- _BRIEF_: Starting with the line that has "(кензо лё пар) M~" in the records below and stopping after the line that has "Lincoln Aviator 2020", output every line exactly and nothing else; skip pictures.

- _SUPPLIED MATERIAL_:
════════════════

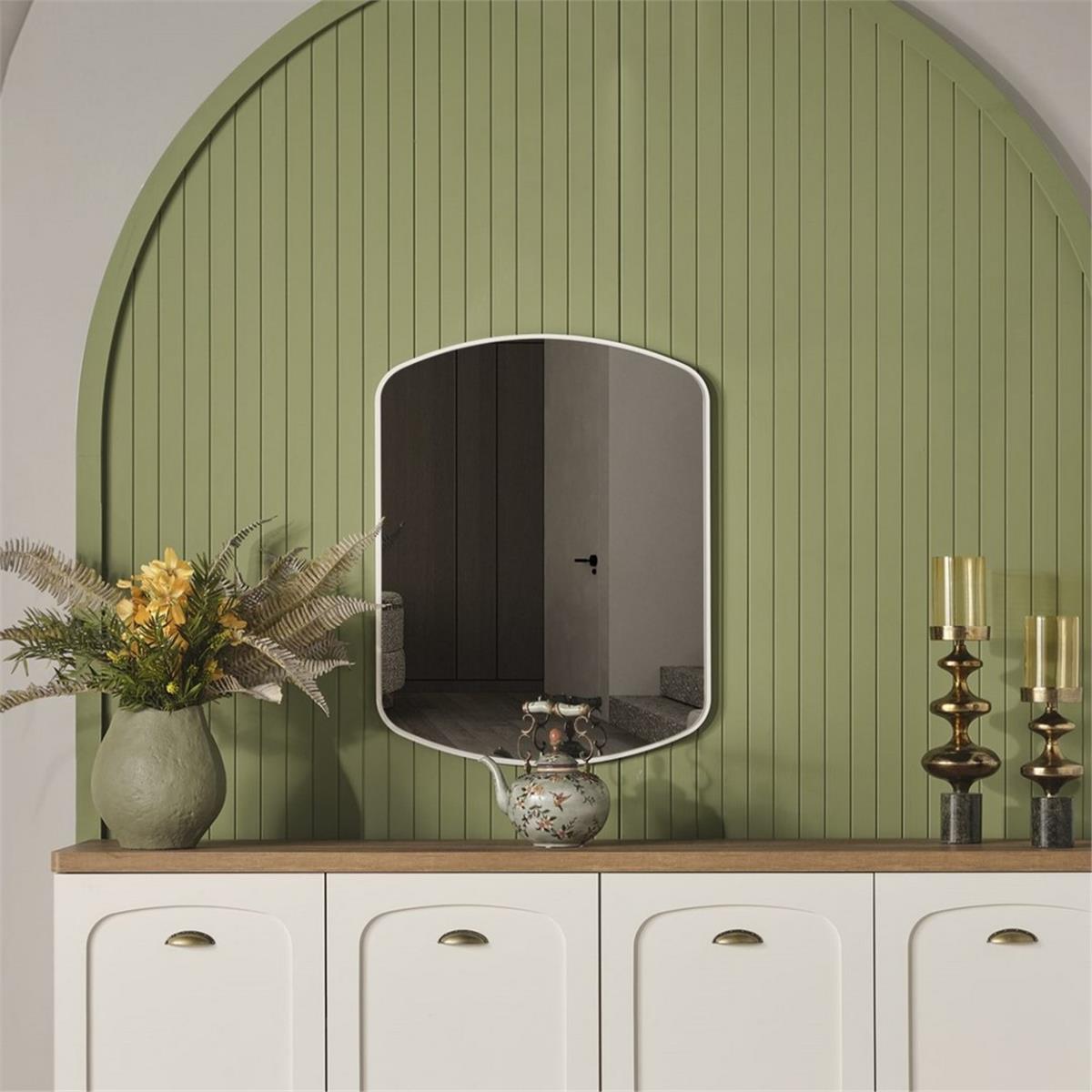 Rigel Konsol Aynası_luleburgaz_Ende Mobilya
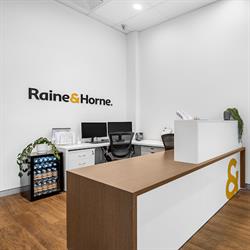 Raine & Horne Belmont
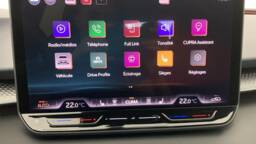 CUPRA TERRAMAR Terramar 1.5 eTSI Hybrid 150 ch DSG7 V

════════════════

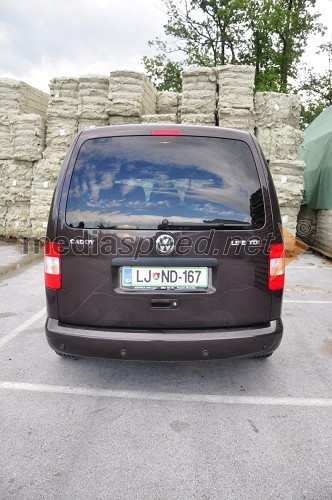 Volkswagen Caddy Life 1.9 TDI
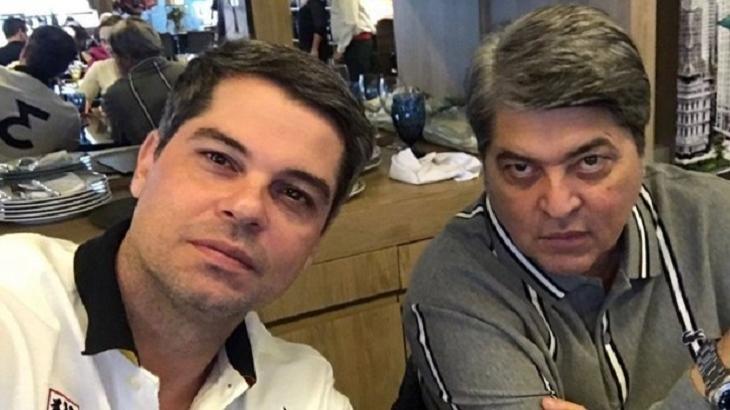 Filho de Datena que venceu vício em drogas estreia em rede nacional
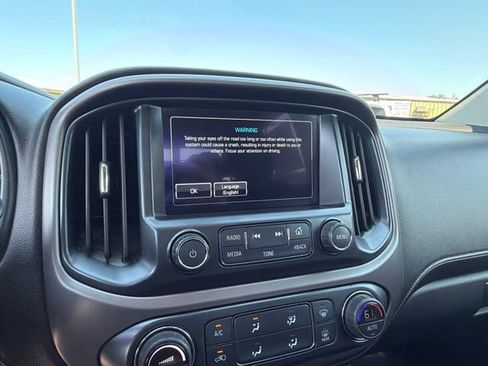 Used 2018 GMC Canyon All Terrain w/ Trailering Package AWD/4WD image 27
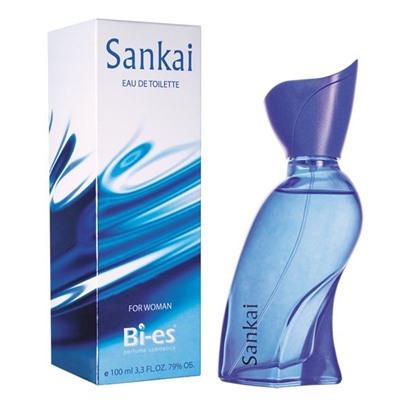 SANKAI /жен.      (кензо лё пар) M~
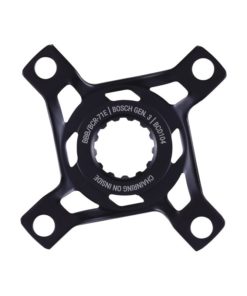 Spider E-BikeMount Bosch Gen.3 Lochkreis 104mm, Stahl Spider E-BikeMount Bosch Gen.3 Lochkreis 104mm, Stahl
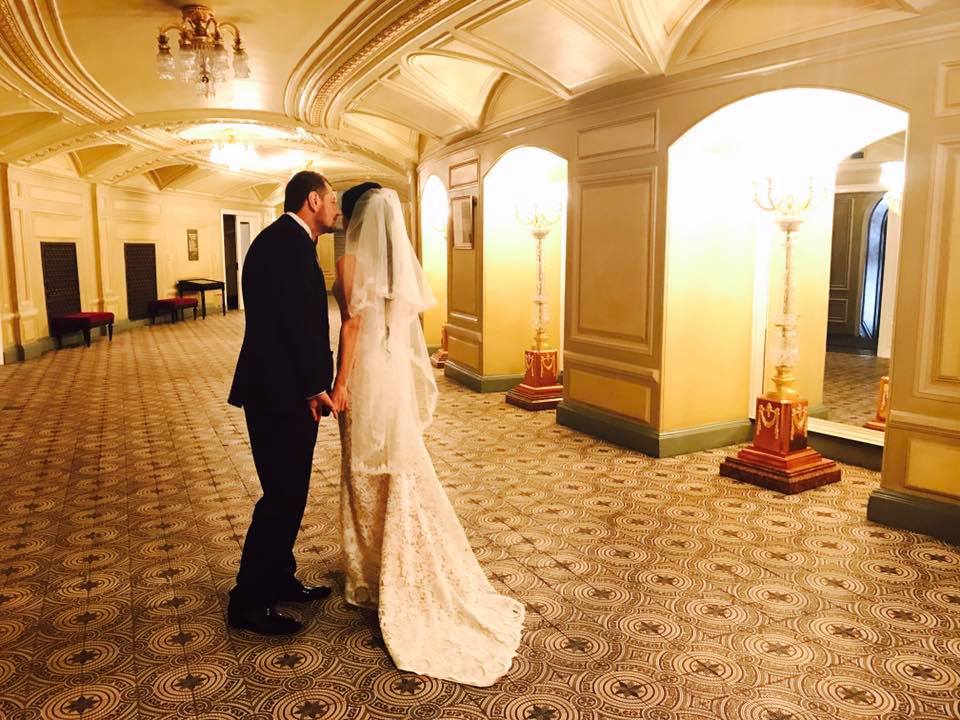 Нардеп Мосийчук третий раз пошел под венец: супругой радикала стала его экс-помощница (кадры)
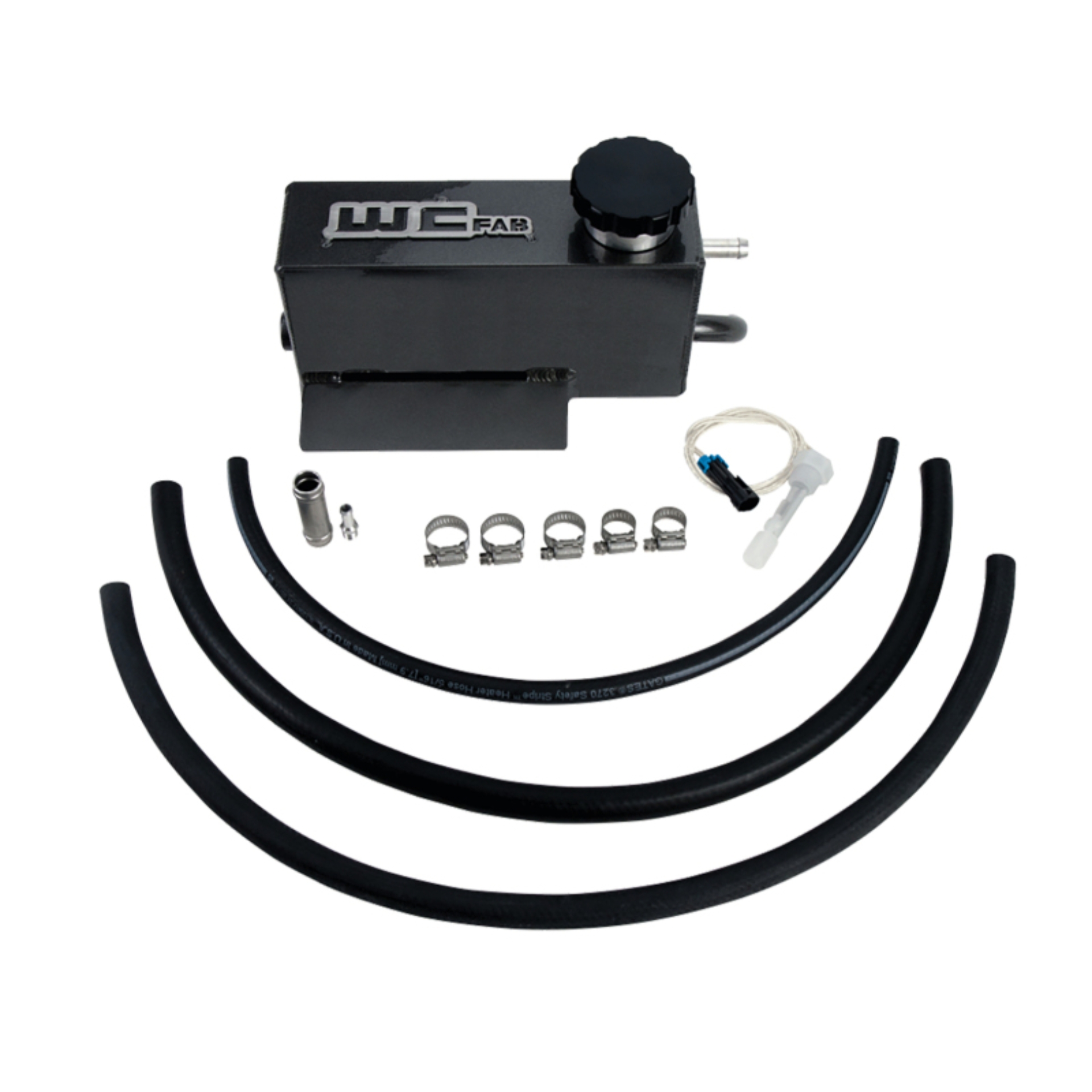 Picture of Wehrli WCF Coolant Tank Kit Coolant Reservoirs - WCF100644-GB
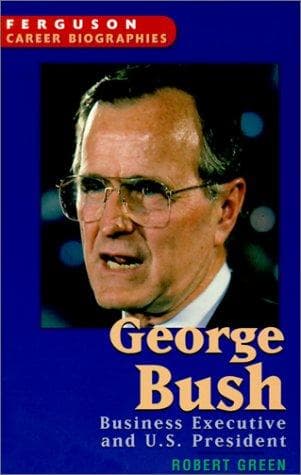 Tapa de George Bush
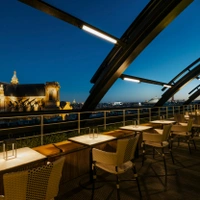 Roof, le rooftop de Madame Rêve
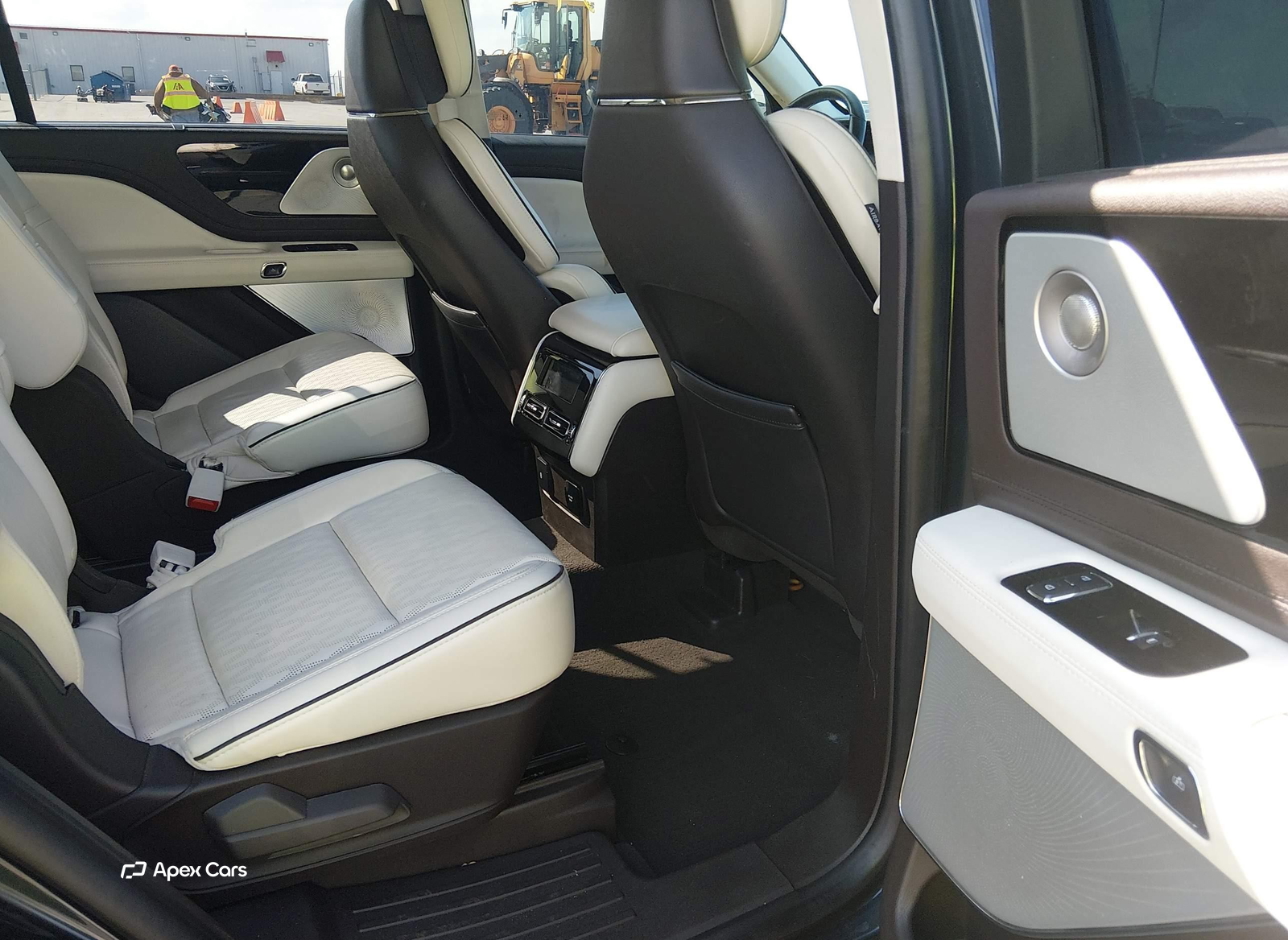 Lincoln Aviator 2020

════════════════

- _RESPONSE TO THE EXERCISE_:
 SANKAI /жен.      (кензо лё пар) M~
 Spider E-BikeMount Bosch Gen.3 Lochkreis 104mm, Stahl Spider E-BikeMount Bosch Gen.3 Lochkreis 104mm, Stahl
 Нардеп Мосийчук третий раз пошел под венец: супругой радикала стала его экс-помощница (кадры)
 Picture of Wehrli WCF Coolant Tank Kit Coolant Reservoirs - WCF100644-GB
 Tapa de George Bush
 Roof, le rooftop de Madame Rêve
 Lincoln Aviator 2020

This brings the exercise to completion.